Task directions
For this exercise, reproduce only the lines from the one holding "Wallpaper flocking black" through the final line of the data below, exactly, and omit pictures.

Data records

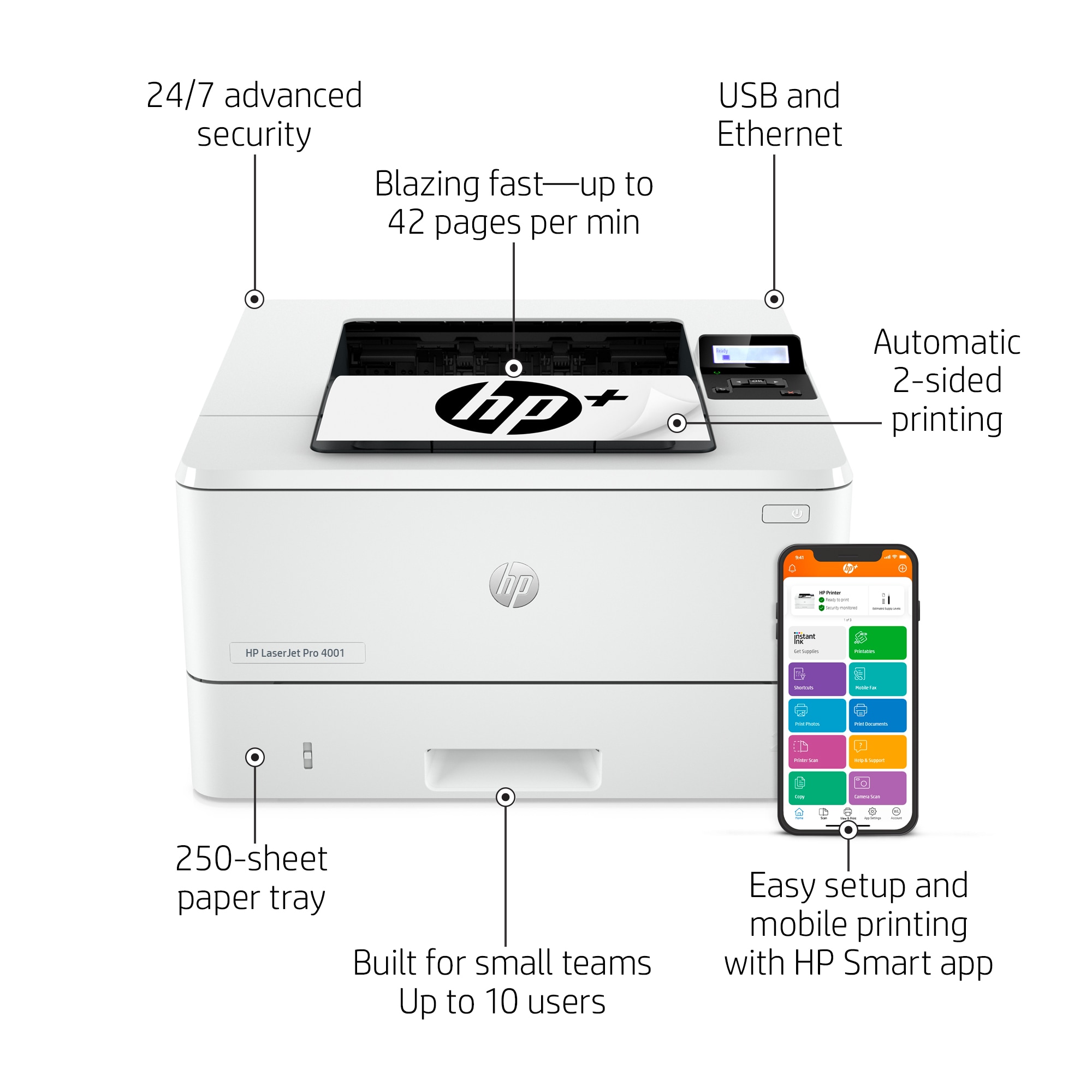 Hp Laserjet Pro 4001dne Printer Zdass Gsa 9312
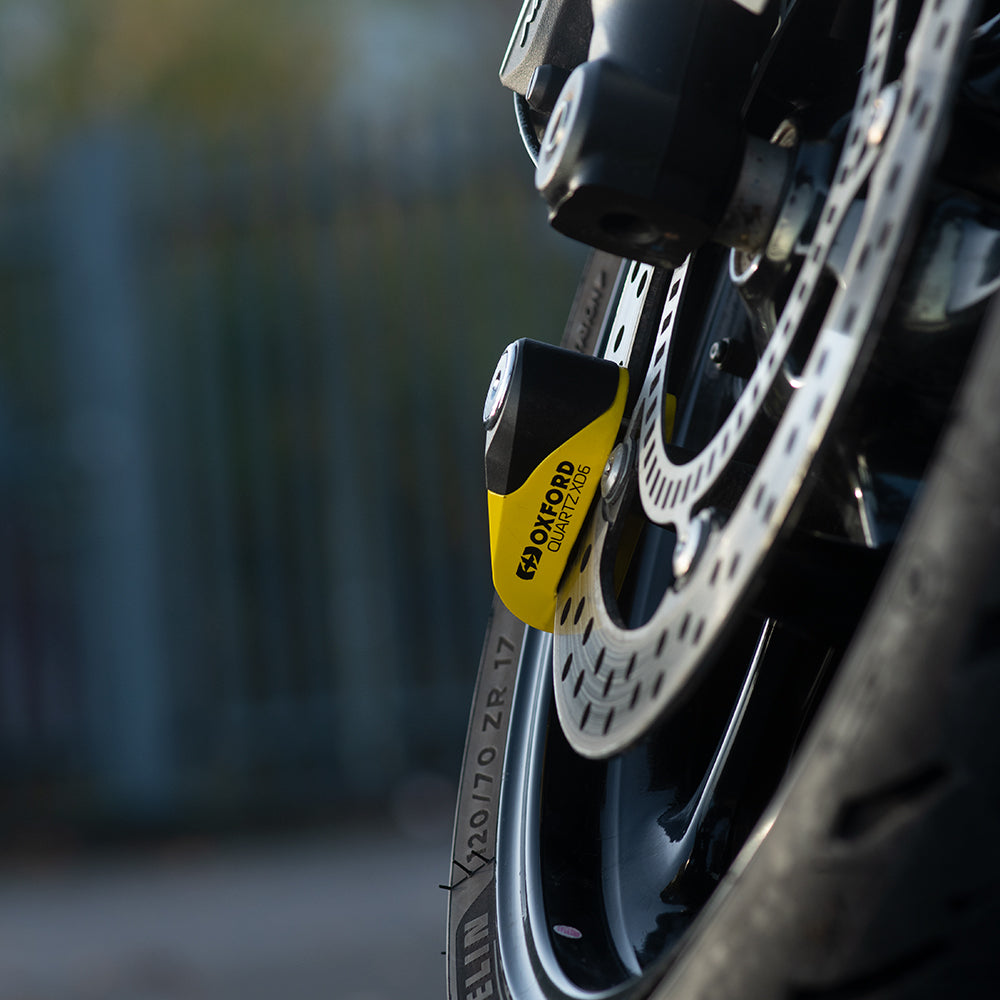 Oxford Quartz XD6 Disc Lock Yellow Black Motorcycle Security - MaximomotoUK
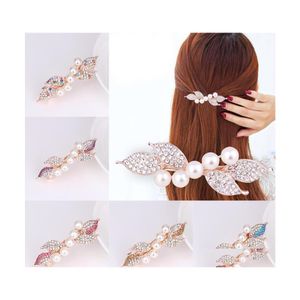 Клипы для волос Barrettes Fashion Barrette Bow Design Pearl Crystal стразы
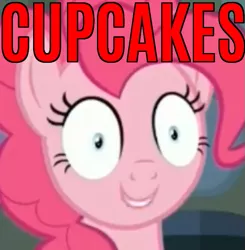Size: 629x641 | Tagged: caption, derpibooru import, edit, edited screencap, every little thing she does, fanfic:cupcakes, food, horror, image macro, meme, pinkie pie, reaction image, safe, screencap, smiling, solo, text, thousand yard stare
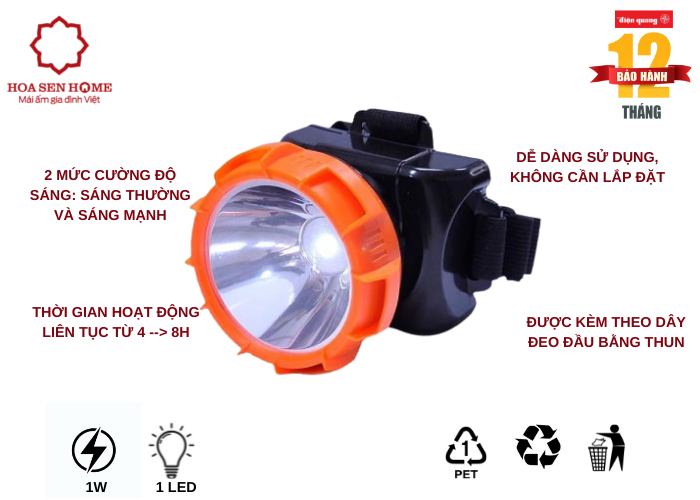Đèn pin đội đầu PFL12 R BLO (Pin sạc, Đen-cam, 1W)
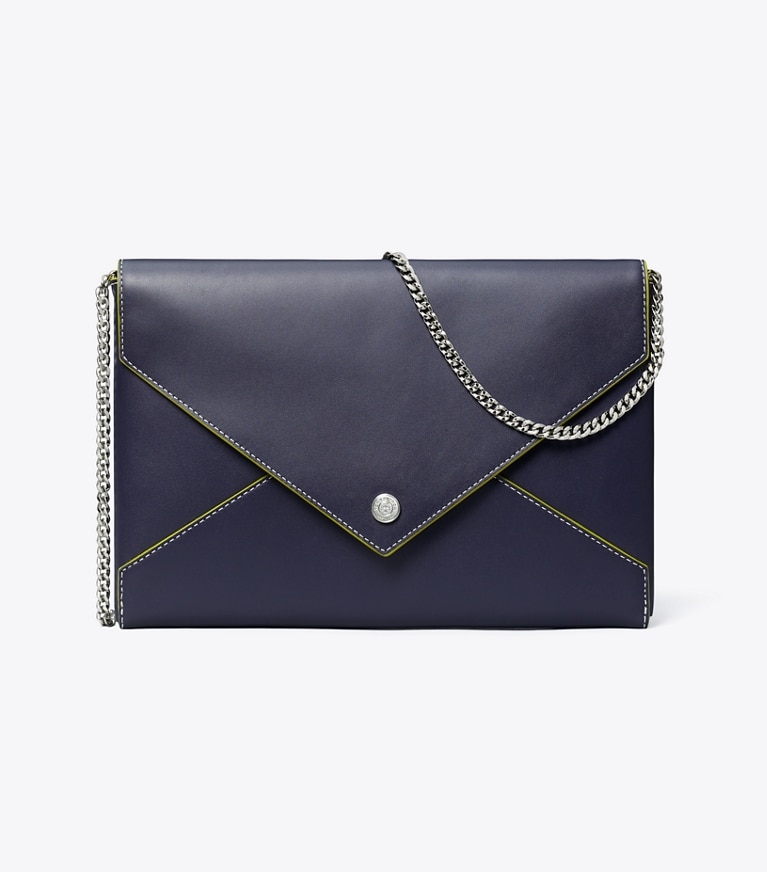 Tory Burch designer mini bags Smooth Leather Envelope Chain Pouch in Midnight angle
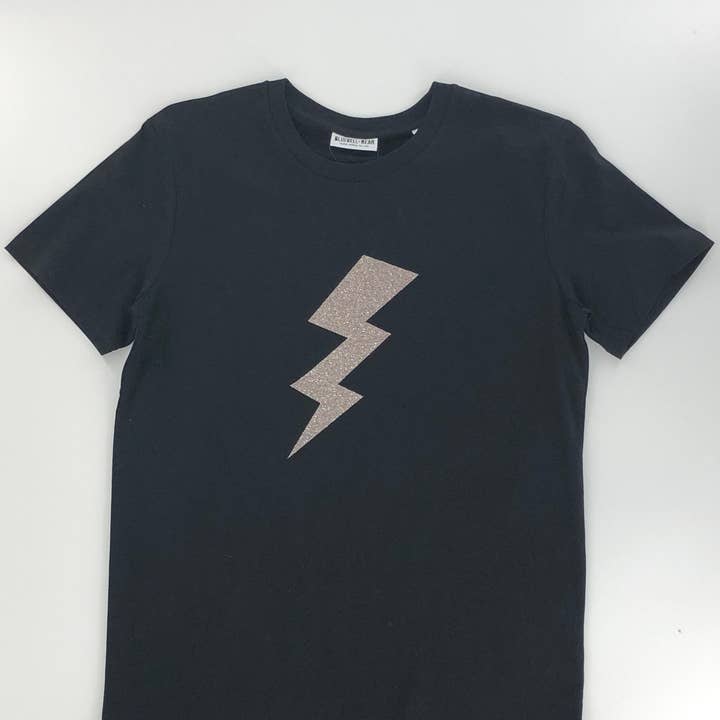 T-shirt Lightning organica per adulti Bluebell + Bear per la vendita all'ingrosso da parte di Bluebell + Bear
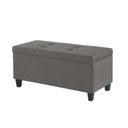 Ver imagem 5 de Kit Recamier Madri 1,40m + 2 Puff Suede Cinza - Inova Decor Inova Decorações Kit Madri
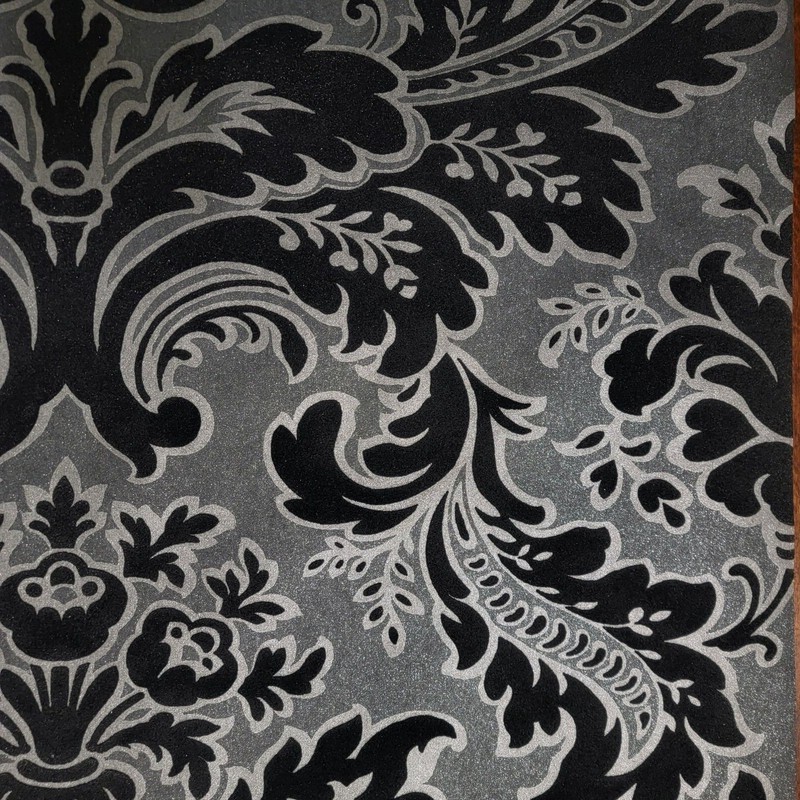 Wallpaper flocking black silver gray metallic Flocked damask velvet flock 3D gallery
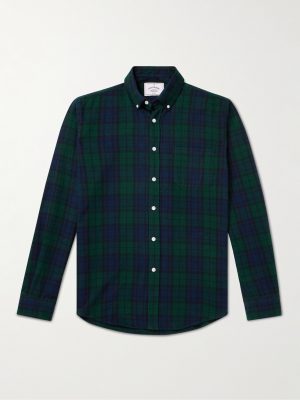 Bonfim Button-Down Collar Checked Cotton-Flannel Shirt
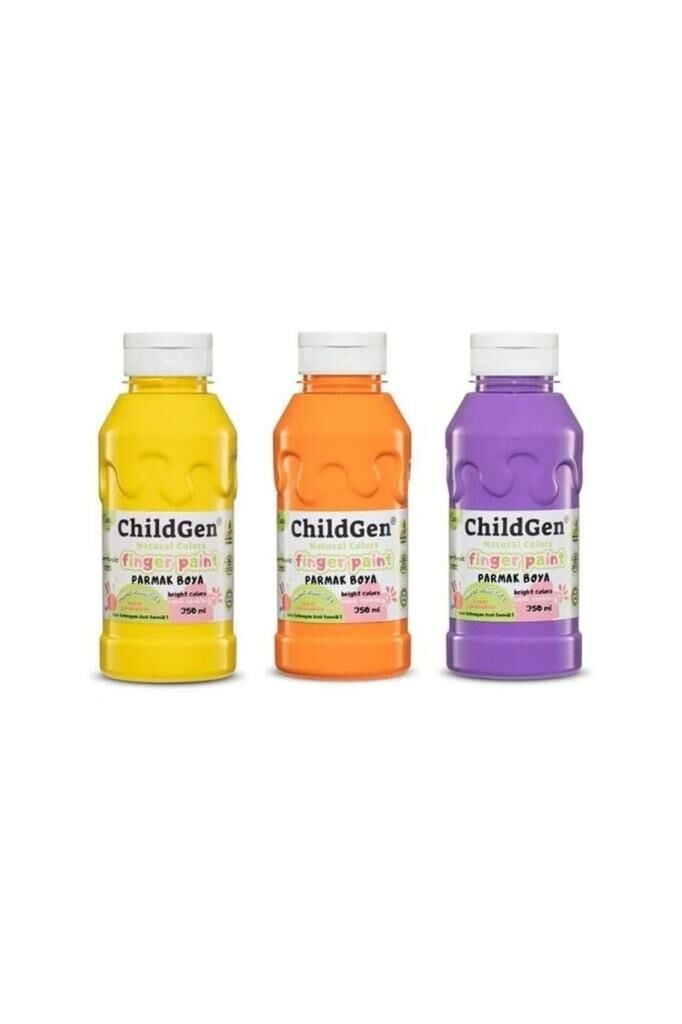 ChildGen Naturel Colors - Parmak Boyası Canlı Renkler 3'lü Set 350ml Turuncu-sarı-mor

Result of this task
 Wallpaper flocking black silver gray metallic Flocked damask velvet flock 3D gallery
 Bonfim Button-Down Collar Checked Cotton-Flannel Shirt
 ChildGen Naturel Colors - Parmak Boyası Canlı Renkler 3'lü Set 350ml Turuncu-sarı-mor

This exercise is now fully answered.